» **Task brief**
Skip the pictures and retype exactly the lines from the one holding "サニーコート西小山 内観写真（リビング以外の居室）" through the end of the entries.

────────────────────

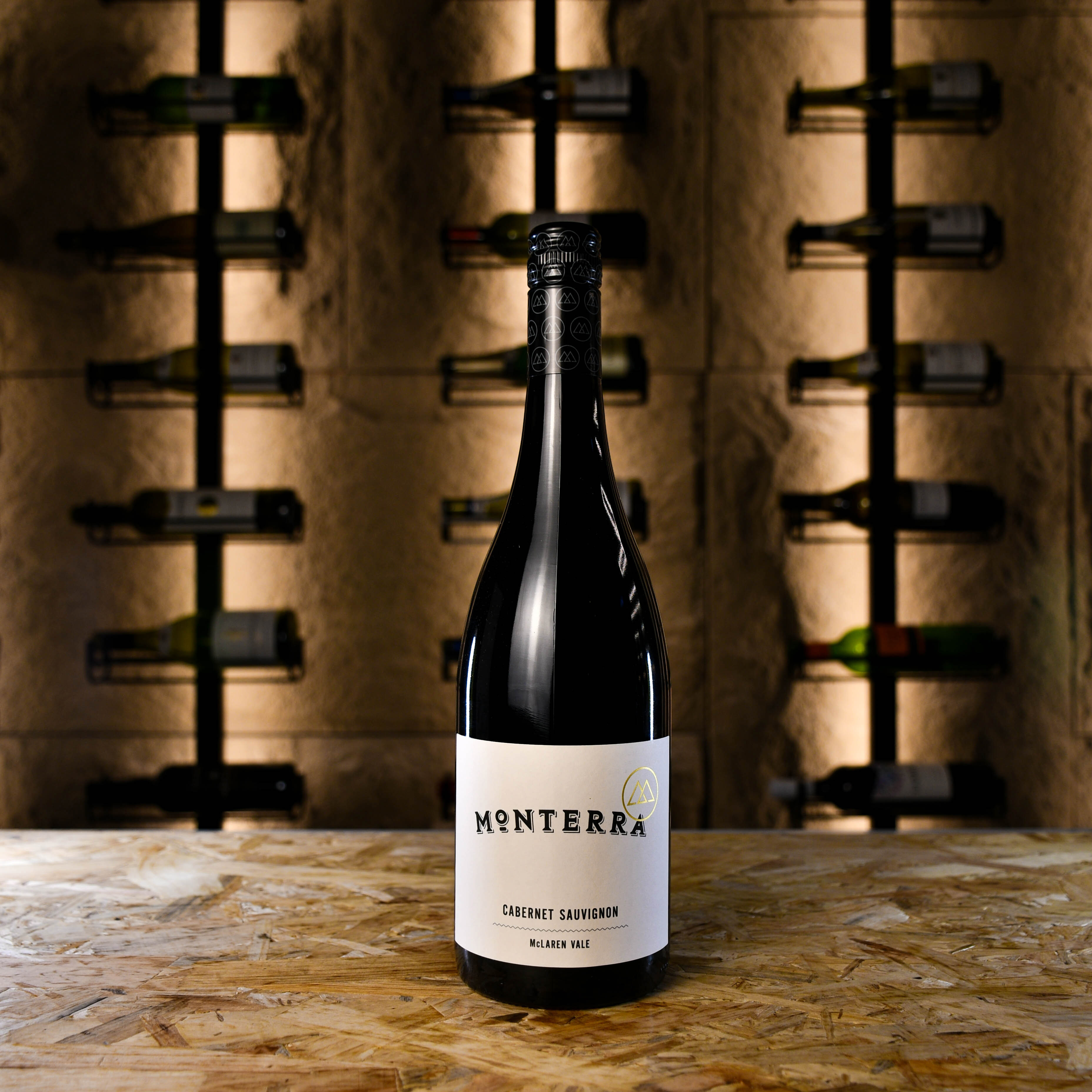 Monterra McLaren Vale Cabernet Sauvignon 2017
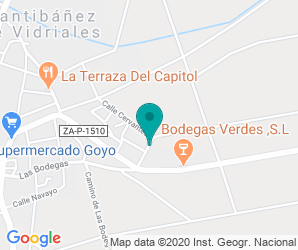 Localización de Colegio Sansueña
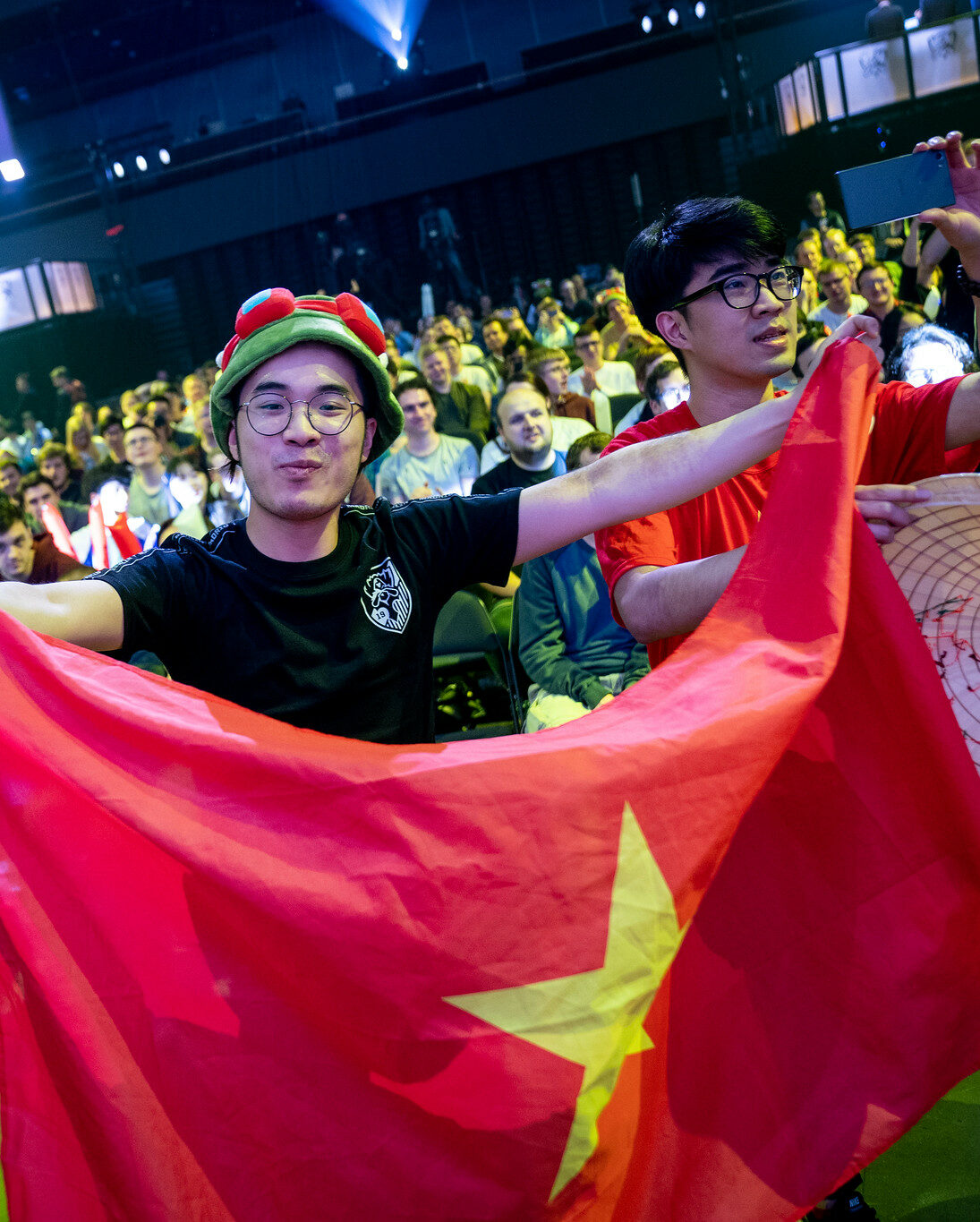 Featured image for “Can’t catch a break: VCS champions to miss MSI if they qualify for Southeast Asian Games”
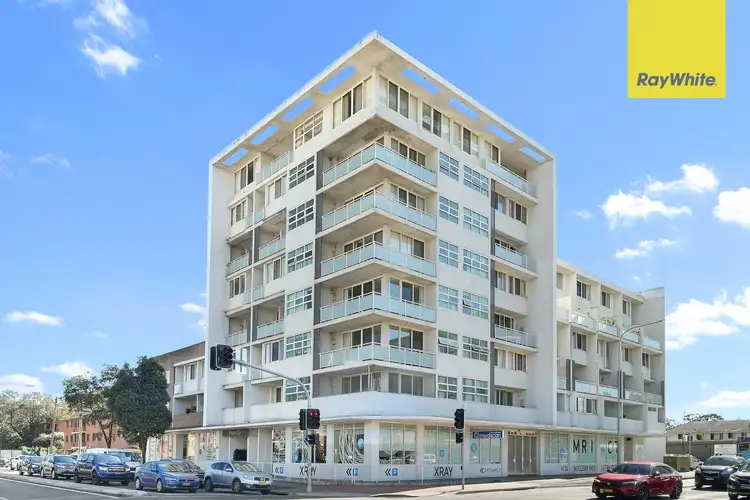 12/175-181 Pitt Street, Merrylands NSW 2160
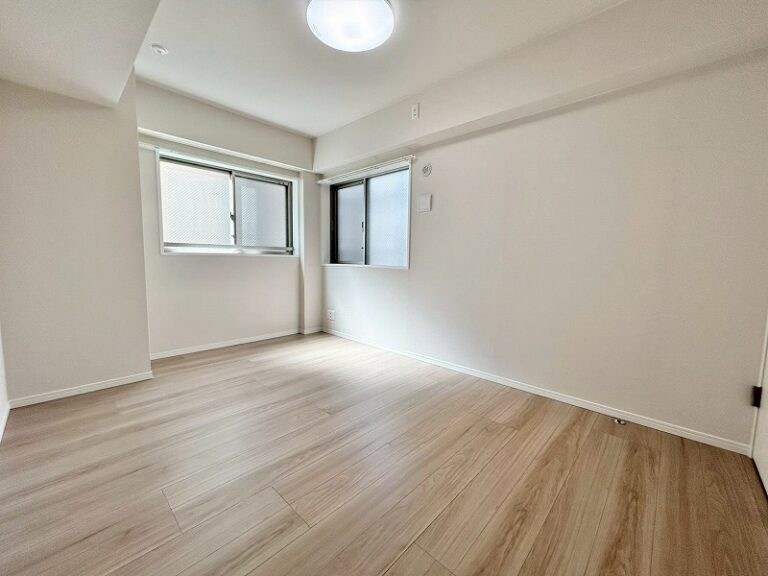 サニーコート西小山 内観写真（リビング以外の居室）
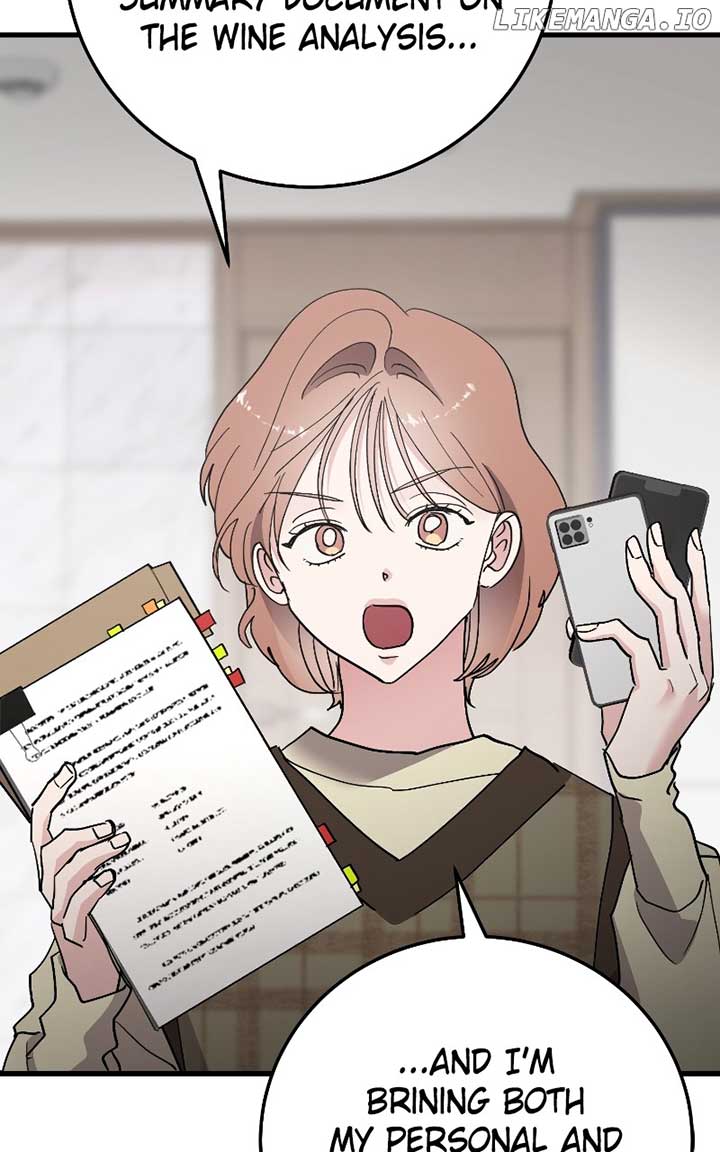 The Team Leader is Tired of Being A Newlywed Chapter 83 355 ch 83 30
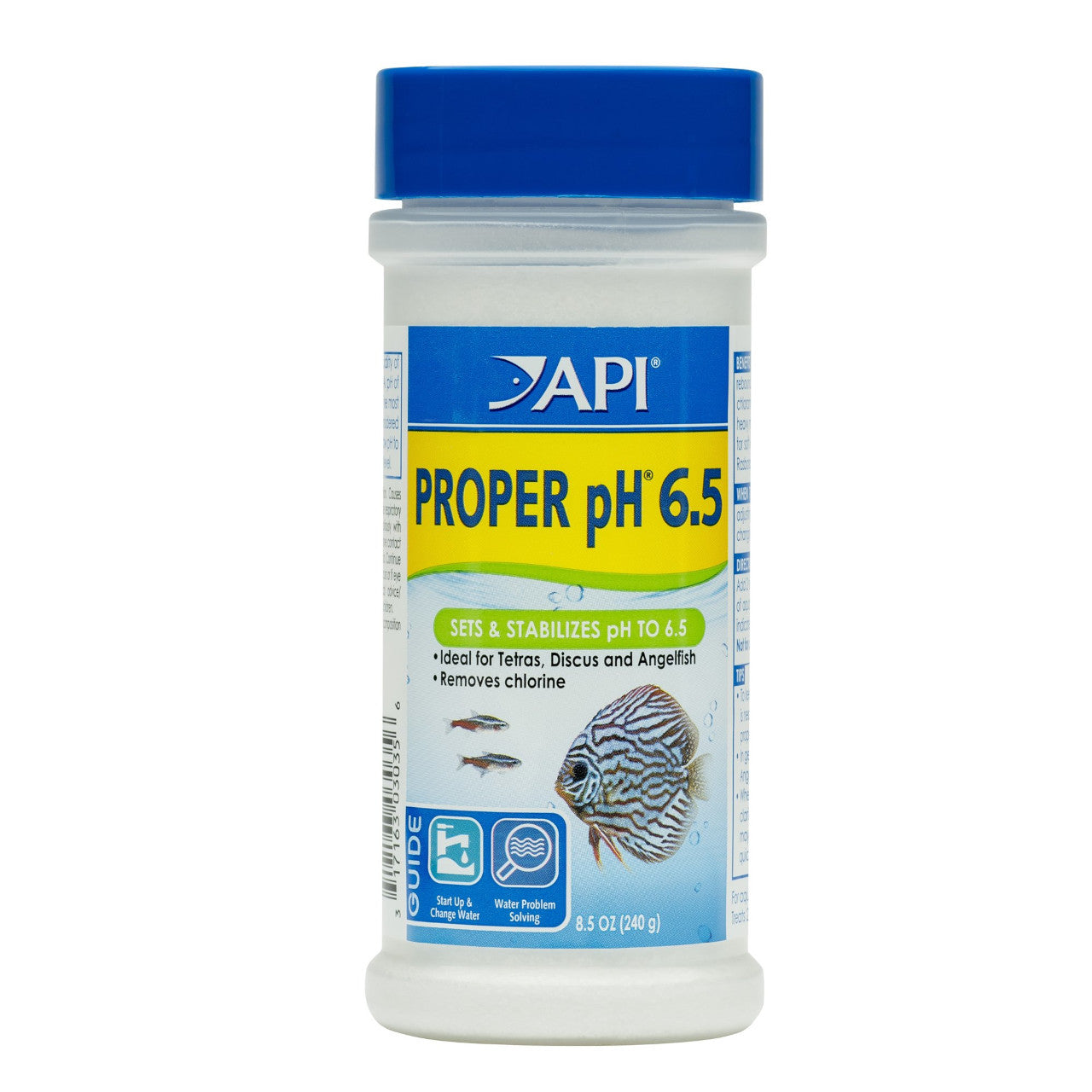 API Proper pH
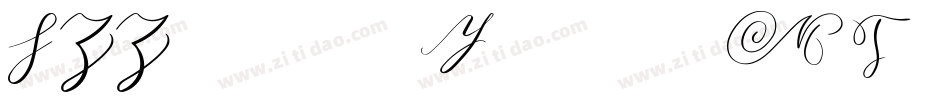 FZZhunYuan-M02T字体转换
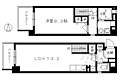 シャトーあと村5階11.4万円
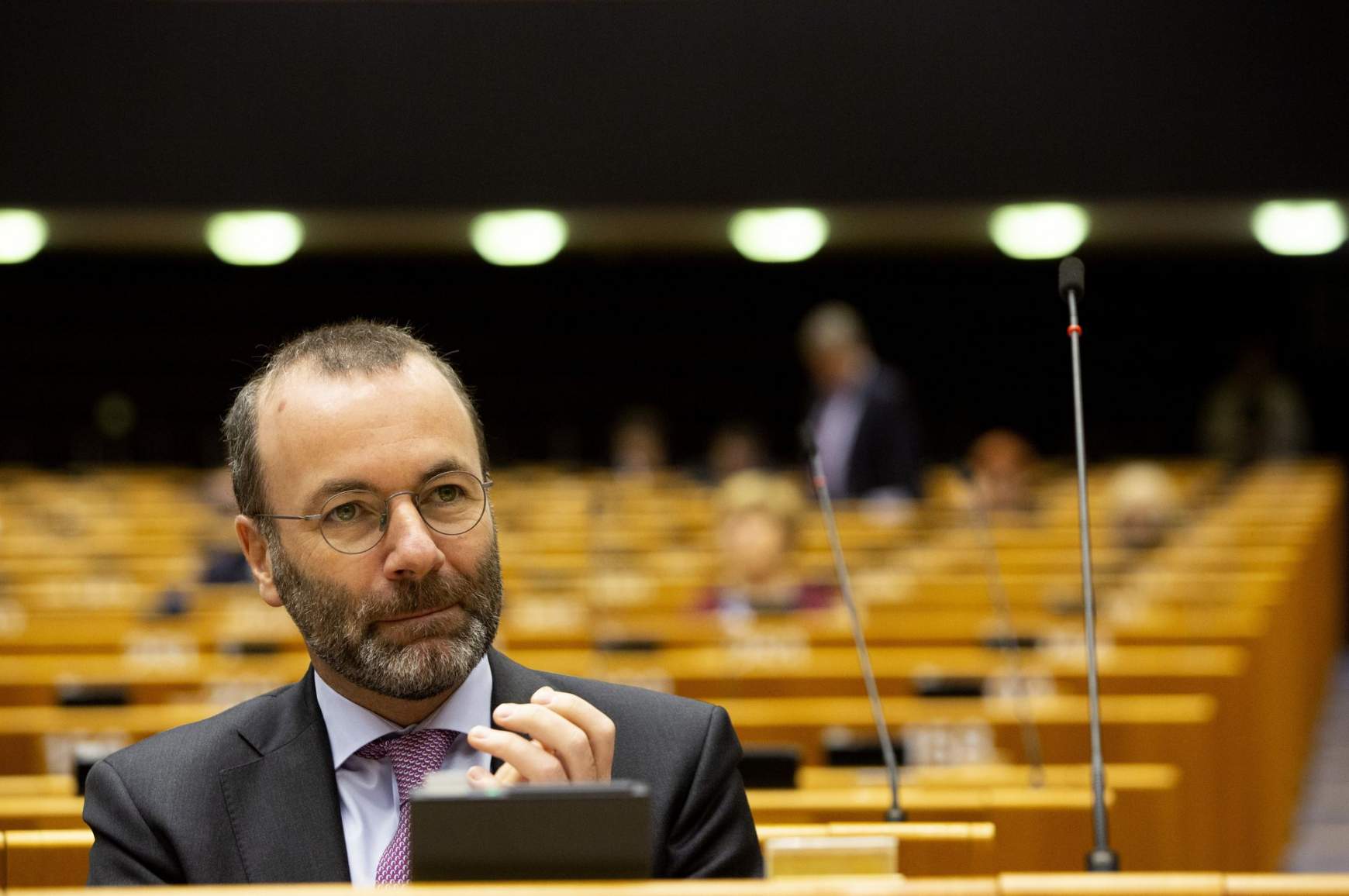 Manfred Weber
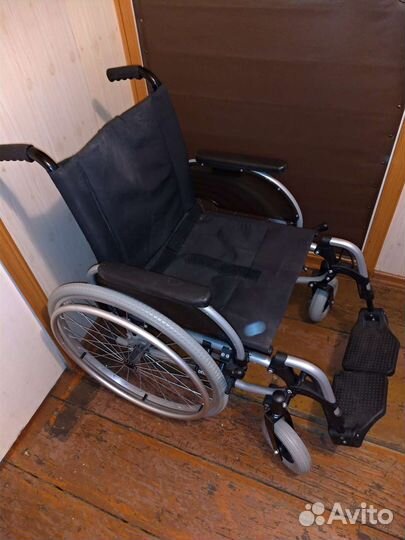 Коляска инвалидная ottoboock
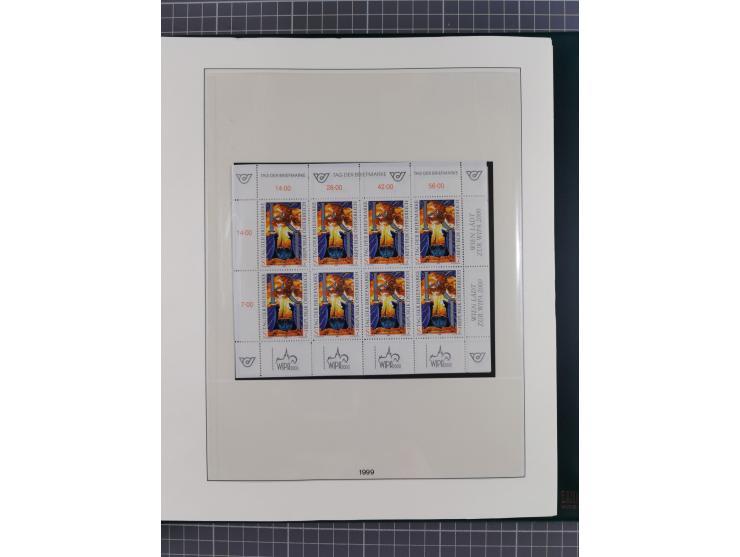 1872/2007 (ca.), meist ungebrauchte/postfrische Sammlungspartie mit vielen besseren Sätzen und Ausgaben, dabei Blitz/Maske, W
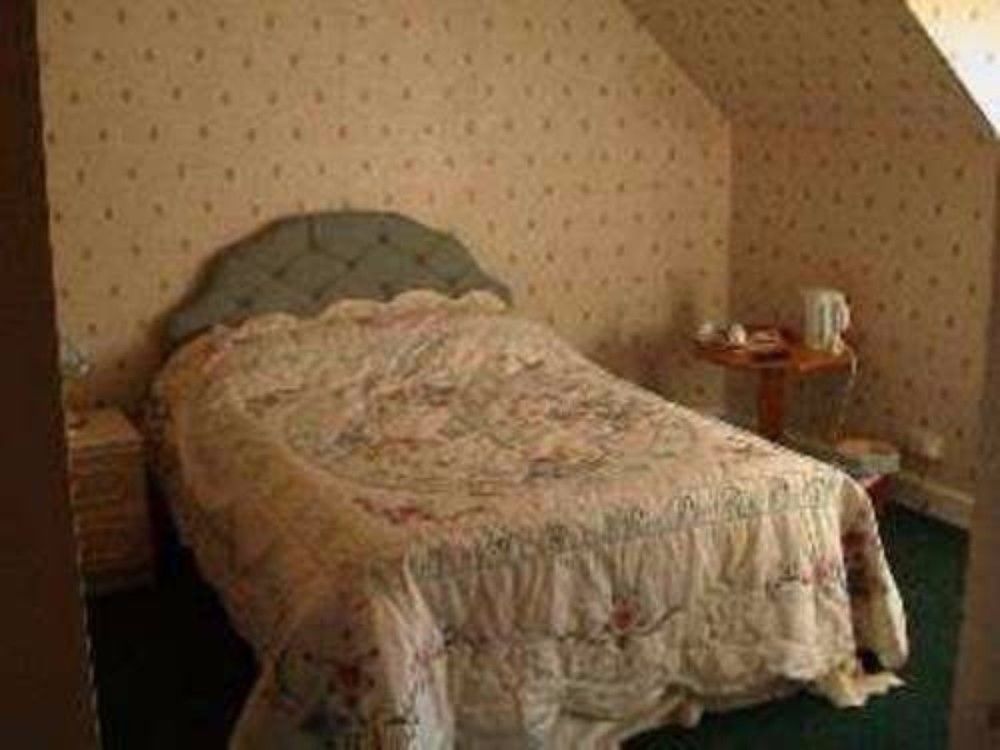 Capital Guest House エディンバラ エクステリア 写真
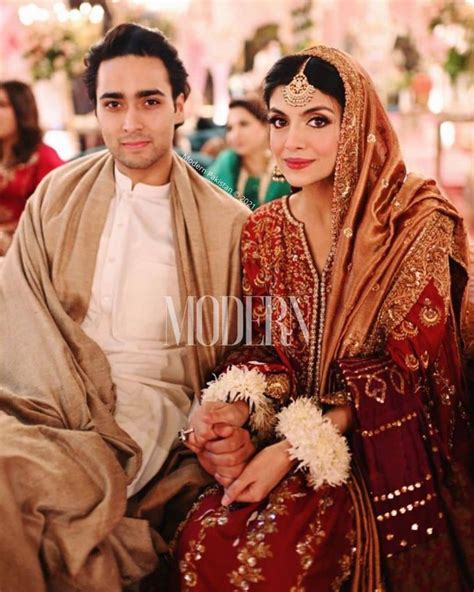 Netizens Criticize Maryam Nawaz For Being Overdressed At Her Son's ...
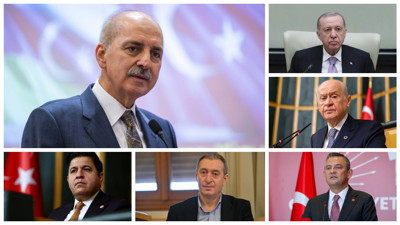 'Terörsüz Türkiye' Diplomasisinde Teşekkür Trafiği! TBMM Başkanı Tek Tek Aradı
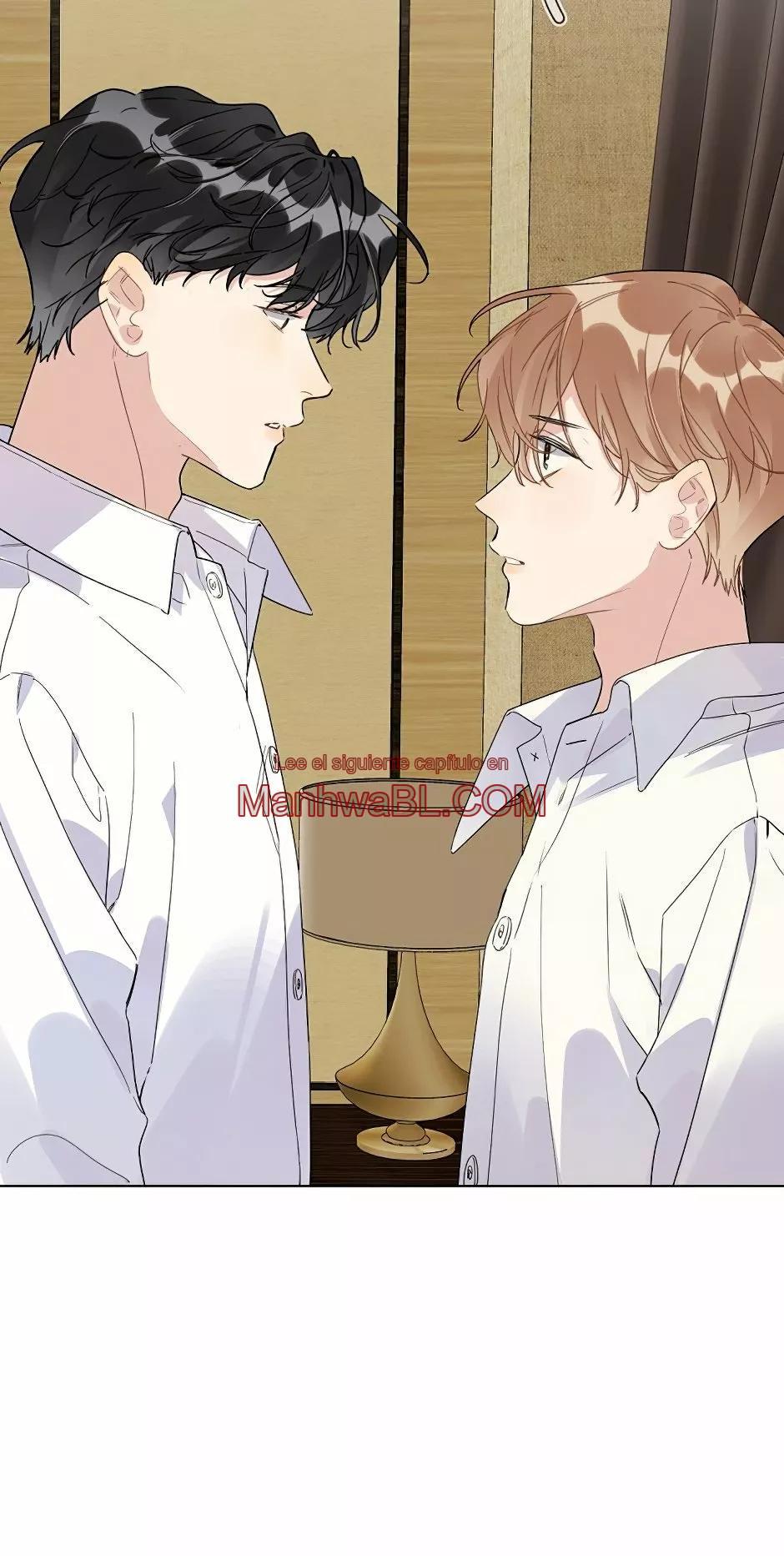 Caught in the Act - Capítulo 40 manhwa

────────────────────

» **Solved problem**
 サニーコート西小山 内観写真（リビング以外の居室）
 The Team Leader is Tired of Being A Newlywed Chapter 83 355 ch 83 30
 API Proper pH
 FZZhunYuan-M02T字体转换
 シャトーあと村5階11.4万円
 Manfred Weber
 Коляска инвалидная ottoboock
 1872/2007 (ca.), meist ungebrauchte/postfrische Sammlungspartie mit vielen besseren Sätzen und Ausgaben, dabei Blitz/Maske, W
 Capital Guest House エディンバラ エクステリア 写真
 Netizens Criticize Maryam Nawaz For Being Overdressed At Her Son's ...
 'Terörsüz Türkiye' Diplomasisinde Teşekkür Trafiği! TBMM Başkanı Tek Tek Aradı
 Caught in the Act - Capítulo 40 manhwa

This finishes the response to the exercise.